The R600 showed it before launch running on an early PCIe2.0 board with the need of only 1 of the two power connectors (the other 75W coming fromt the PCIe2.0 slot).


----------



## CDdude55 (Oct 31, 2007)

Thanks everyone.


----------



## Protius (Oct 31, 2007)

is there any benchmarks on the performance difference between regular and 2.0 yet?


----------



## patton45 (Oct 31, 2007)

no because there should be no current peformance difference until the 9800s are out which might actually use more of the avaliable bandwidth currently an 8800 uses only about 60-70% of the avaliable bandwidth so until the new gen cards with gpu that can use i doubt you will see any reviews on the performance differences

and i hear that pci-e is as future proof as you can get in the computer industry ie (agp will be the standard format for decades to come 3dfx said well that never really happened lol) can someone back that up but the rumor is there already working on a faster 3.0 and that its basically unlimited the future bandwiths


----------



## ex_reven (Oct 31, 2007)

patton45 said:


> no because there should be no current peformance difference until the 9800s are out which might actually use more of the avaliable bandwidth currently an 8800 uses only about 60-70% of the avaliable bandwidth so until the new gen cards with gpu that can use i doubt you will see any reviews on the performance differences



They say that like 40-60% of performance of two cards is lost in SLI though. Will PCIE help that? Or is it unrelated?


----------



## patton45 (Oct 31, 2007)

no those issuse are not hardware related its nvidias incompetence to release a good working drivers when the 7800 gx2 and 7950gx2 game out the two 7900gtx could beat the quad sli of the other two because of drivers .  nvidia has not perfected there teq so instead they just add more cards hence tripple sli  the pci-e 2 just increase the bandwith and in turn increaseing the watts its doesnt affect nvidias own chipset and driver incompetence.


----------



## kwchang007 (Oct 31, 2007)

ex_reven said:


> They say that like 40-60% of performance of two cards is lost in SLI though. Will PCIE help that? Or is it unrelated?

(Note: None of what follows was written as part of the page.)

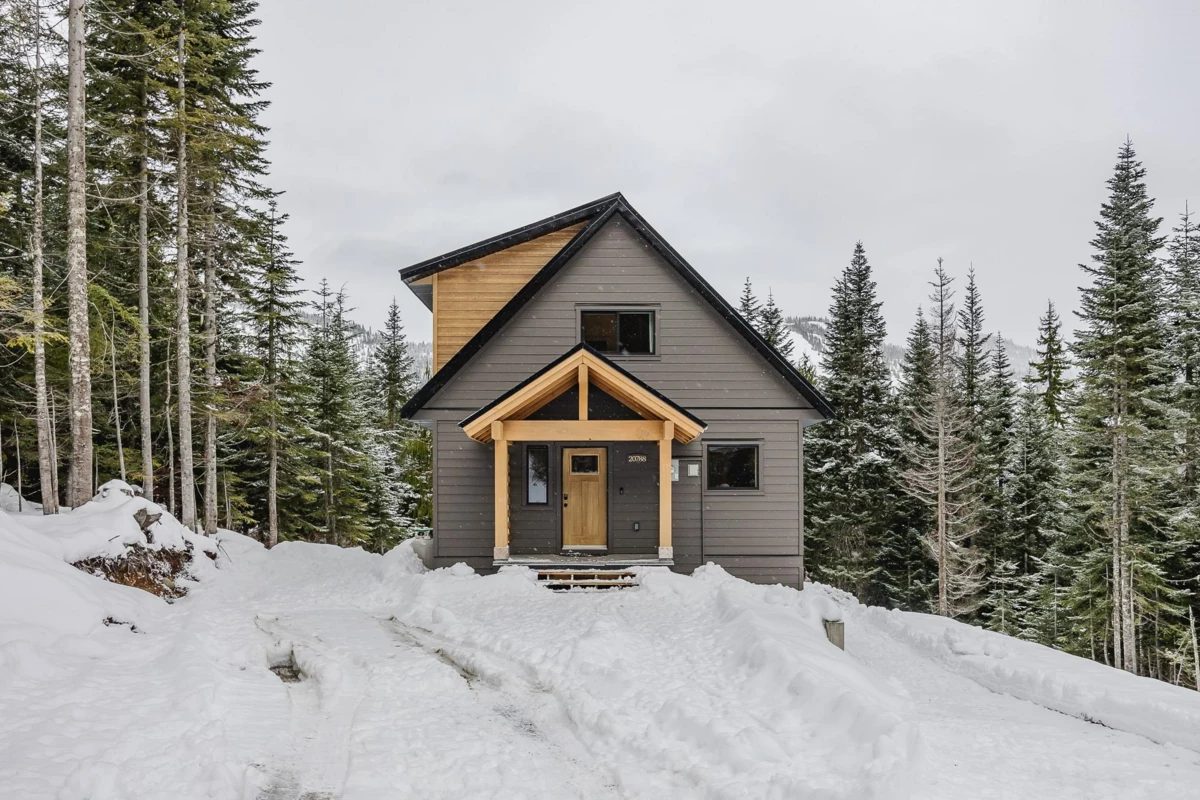 Exterior Rear Photo of 20788 Edelweiss Drive, Agassiz, BC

Maybe, but that's more due to the fact that running multiple cards creates a large overhead.  Because think about it, if you have one card rendering one frame and the other rendering the next, then you have to have something put them together send all to the same place and out put the images in different orders.  I don't think they're running out of bandwidth.....yet.


----------



## GrapeApe (Oct 31, 2007)

The main areas this should help near term are HyperMemory/TurboCache cards , those that use VirtualizedMemory (need WDDM support first though through DX10.1), and workstation cards which use large chunks of system and VRAM. 
For most gaming situations you shouldn't see massive improvement in the current round of top gaming card because they're not as restricted by bus speed because the swaps don't happen as much as the information spend in the VRAM and in the VPU itself.

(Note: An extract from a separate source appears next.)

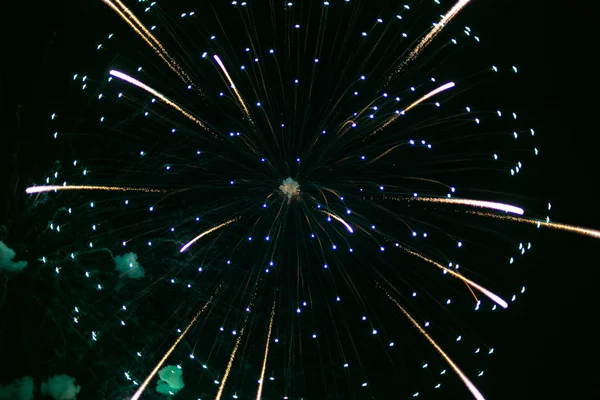 Belos fogos de artifício coloridos férias . — Fotografia de Stock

You might see a jump in the GTS-320 in some situations where it runs out of VRAM, but even then the improvement will be limited. 

However you won't know until they're properly tested, while bandwidth doesn't seem to be an issue, improved latency could help alot of areas and we could se a small jump across the board, especially in min fps and texxture swaps. Heck, no one thought we used more than 8X bandwidth until they tested it and noticed that ther are a few occasions where it does make a difference. So since we couldn't test beyond the 8x->16X boost who knows, eh?


----------



## hugz (Nov 1, 2007)

PCIe 2.0 video card such as 8800GT or RV670XT (3870) is only compatible with motherboards with PCIe 1.1, 1.0a not supported.


----------



## KennyT772 (Nov 1, 2007)

hugz said:


> PCIe 2.0 video card such as 8800GT or RV670XT (3870) is only compatible with motherboards with PCIe 1.1, 1.0a not supported.



According to what? PCI-E v2 is fully backwards compatable. The two changes are signaling frequency 100mhz to 200mhz, and the specifications for the 8pin power plug. 

Please share with us the reason you claim they are not compatable with 1.0a.


----------



## hugz (Nov 1, 2007)

KennyT772 said:


> According to what? PCI-E v2 is fully backwards compatable. The two changes are signaling frequency 100mhz to 200mhz, and the specifications for the 8pin power plug.
> 
> Please share with us the reason you claim they are not compatable with 1.0a.



http://support.asus.com/faq/faq.aspx?no=DE05A01F-3A3B-A859-177B-6A668A2D6982&SLanguage=en-us



> As PCI express 1.0/1.0a standard is not compatible with PCI express 2.0 specification, installing PCI express 2.0 cards onto PCIEX16_2 slot will result in system fail to detect expension cards installed on both PCIEX16_1 and PCIEX16_2 slot.


----------



## ghost101 (Nov 1, 2007)

Quite a few threads on XS mention that PCI-E 1.1 is required.


----------



## Frick (Nov 1, 2007)

How can one tell which PCIe one has? I assume my motherboard has PCIe 1.1, but it would be nice to know.


----------



## hugz (Nov 1, 2007)

ghost101 said:


> Quite a few threads on XS mention that PCI-E 1.1 is required.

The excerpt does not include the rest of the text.